**WHAT YOU ARE ASKED TO DO**: Beginning with the line that holds "(37289504-0) edelstahlfarben, g", write out each line exactly as it stands until the end of the data, and include no pictures.
Segment Start: INFORMATION SHOWN
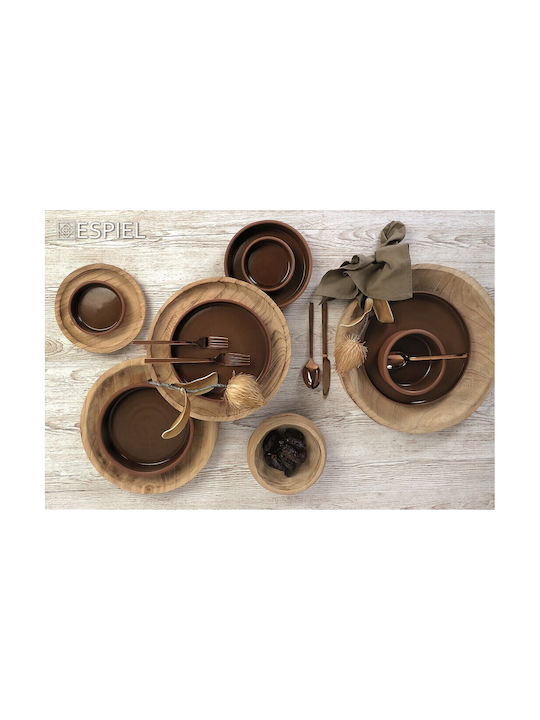 Espiel Serving Bowl Round Brown with Diameter 14.5cm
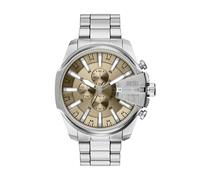 Chronograph DIESEL "MEGA CHIEF SLIM", edelstahlfarben, gelbgoldfarben, Armbanduhren, Herren, Chronograph, Quarzuhr, Armbanduhr, Herrenuhr, Edelstahlarmband, analog, Tag (37289504-0) edelstahlfarben, g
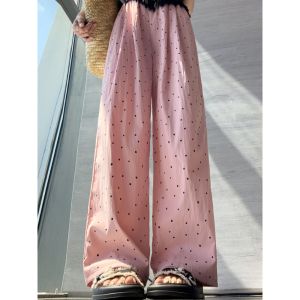 กางเกงขายาวเอวสูงลายจุดสีชมพู ผ้าไหมน้ำแข็งสไตล์ญี่ปุ่น ทรงหลวมสบาย ๆ สำหรับผู้หญิง ฤดูร้อน 2025 กางเกงขายาวทรงหลวมสำหรับผู้หญิง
Segment End: INFORMATION SHOWN
**YOUR SOLUTION**:
 Chronograph DIESEL "MEGA CHIEF SLIM", edelstahlfarben, gelbgoldfarben, Armbanduhren, Herren, Chronograph, Quarzuhr, Armbanduhr, Herrenuhr, Edelstahlarmband, analog, Tag (37289504-0) edelstahlfarben, g
 กางเกงขายาวเอวสูงลายจุดสีชมพู ผ้าไหมน้ำแข็งสไตล์ญี่ปุ่น ทรงหลวมสบาย ๆ สำหรับผู้หญิง ฤดูร้อน 2025 กางเกงขายาวทรงหลวมสำหรับผู้หญิง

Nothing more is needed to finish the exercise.